Grace Hwang, Teddy Stocking, Quentin Rynbrandt, Marissa Tirado, Christabel Barry, David Jones, Nathan Hadley, Thomas Leng, Christopher Erdos
When I was a freshman, I decided to avoid thinking about certain issues because they threatened to undermine some of my core beliefs. When I spent time writing poetry and thinking, Christianity didn't appear to make sense to me. So I stopped thinking those things which threatened the safety of my convictions. But early on in my sophomore year I was assigned Don DeLillo's White Noise, and was forced to think about them. I read the first page, looked up at my roommate, and said, "This is going to ruin my life." And it did. And I renounced Christianity for a while. But it was the first step towards a commitment to intellectual integrity.
David Foster Wallace once asked if it was a coincidence that "it's in college that most Americans do their most serious (...) mindless general Dionysian-type reveling". His answer? "It's not. They're adolescents, and they're terrified." He says, "those naked boys hanging upside down out of their frat-house's windows on Friday night are simply trying to get a few hours' escape from the stuff that any decent college has forced them to think about all week."
Wheaton doesn't have many naked frat boys. It doesn't even have much Dionysian-type reveling, at least on the surface. But I believe that, at Wheaton, we still experience the fear that comes with the challenges of exposure to a myriad of ideas. And if we don't think we are afraid, we are probably either lying or doing something wrong.

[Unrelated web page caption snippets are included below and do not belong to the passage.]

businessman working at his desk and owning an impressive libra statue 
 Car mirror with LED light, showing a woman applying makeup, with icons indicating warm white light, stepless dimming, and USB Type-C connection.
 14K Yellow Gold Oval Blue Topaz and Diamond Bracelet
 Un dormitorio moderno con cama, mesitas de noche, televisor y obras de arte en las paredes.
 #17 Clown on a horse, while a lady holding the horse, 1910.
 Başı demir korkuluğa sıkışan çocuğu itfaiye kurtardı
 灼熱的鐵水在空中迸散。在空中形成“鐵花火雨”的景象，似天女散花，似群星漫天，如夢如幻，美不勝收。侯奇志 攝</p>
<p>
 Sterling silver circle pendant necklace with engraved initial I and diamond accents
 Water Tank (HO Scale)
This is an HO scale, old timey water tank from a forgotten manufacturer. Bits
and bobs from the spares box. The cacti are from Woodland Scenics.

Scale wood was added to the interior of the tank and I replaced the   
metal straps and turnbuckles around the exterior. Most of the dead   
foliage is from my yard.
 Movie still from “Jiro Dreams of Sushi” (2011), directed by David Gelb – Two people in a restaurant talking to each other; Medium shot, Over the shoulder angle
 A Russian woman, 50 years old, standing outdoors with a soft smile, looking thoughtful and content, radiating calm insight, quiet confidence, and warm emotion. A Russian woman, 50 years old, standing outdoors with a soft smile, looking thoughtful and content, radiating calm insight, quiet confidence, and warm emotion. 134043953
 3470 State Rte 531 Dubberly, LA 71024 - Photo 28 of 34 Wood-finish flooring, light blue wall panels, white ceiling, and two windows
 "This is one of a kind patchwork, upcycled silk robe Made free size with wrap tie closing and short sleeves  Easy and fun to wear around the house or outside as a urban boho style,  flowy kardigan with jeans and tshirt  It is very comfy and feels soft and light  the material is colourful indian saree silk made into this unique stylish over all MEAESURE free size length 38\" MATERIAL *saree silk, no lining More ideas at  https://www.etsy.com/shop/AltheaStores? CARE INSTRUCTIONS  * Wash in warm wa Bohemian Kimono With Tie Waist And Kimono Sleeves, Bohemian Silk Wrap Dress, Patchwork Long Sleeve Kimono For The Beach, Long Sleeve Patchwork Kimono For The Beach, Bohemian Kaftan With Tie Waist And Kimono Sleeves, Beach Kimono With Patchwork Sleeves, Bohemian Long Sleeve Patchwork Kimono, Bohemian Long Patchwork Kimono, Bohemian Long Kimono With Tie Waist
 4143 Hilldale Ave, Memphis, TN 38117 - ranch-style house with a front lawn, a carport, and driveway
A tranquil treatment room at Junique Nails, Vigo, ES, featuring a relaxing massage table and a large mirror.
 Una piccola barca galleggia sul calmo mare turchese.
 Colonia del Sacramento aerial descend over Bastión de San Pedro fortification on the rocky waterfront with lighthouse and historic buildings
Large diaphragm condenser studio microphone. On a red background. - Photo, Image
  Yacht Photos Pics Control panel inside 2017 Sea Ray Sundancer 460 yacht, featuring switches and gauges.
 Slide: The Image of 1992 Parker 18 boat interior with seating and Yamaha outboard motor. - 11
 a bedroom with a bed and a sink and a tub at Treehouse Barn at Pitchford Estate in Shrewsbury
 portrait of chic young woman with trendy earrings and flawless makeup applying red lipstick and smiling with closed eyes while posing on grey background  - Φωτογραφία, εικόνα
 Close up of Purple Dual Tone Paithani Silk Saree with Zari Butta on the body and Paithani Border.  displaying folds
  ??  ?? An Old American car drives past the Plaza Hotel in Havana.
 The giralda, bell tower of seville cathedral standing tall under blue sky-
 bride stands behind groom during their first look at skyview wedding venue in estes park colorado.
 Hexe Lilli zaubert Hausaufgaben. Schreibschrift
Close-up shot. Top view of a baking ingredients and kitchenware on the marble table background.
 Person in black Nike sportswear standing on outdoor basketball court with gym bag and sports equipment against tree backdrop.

Part of the mission of The Pub is to provide a space outside of the classroom to face ideas, and to revel in them. In this issue you'll find thoughts on death, theodicy, social media, monasticism, cultural divisions, and more.
You'll find students like yourself who have faced these issues in academic and artistic ways. It is my hope that the prose and poetry in this issue will encourage you to continue thinking about problems, both those that you've encountered already and those you haven't. It is also my hope that the work of your fellow students contained here will provide a place to revel in ideas and words.
Sometimes I feel as if complaints about the lack of Dionysian escape on campus are fairly common. While this is probably a worthwhile discussion to have, I think we often miss out on the more important question. We will always find ways to escape the difficulties of the ideas we encounter, and at Wheaton we might be doing this simply by pretending to treat problems objectively. But we are not isolated from ideas, and being Christian does not detach us from the world or the philosophic challenges inherent therein. Rather, the essence of Christianity is the incarnation of Word to Flesh, of transcendence to immanence, of principle to particular.
So use this issue to brave that towards which we are mandated to brave. Don't close yourself from ideas or their possibilities. Open yourself up to change. Maybe the fear inherent in this act-the same fear that David Foster Wallace writes about-is what the Proverbs writer means when he says, "the fear of the LORD is the beginning of wisdom."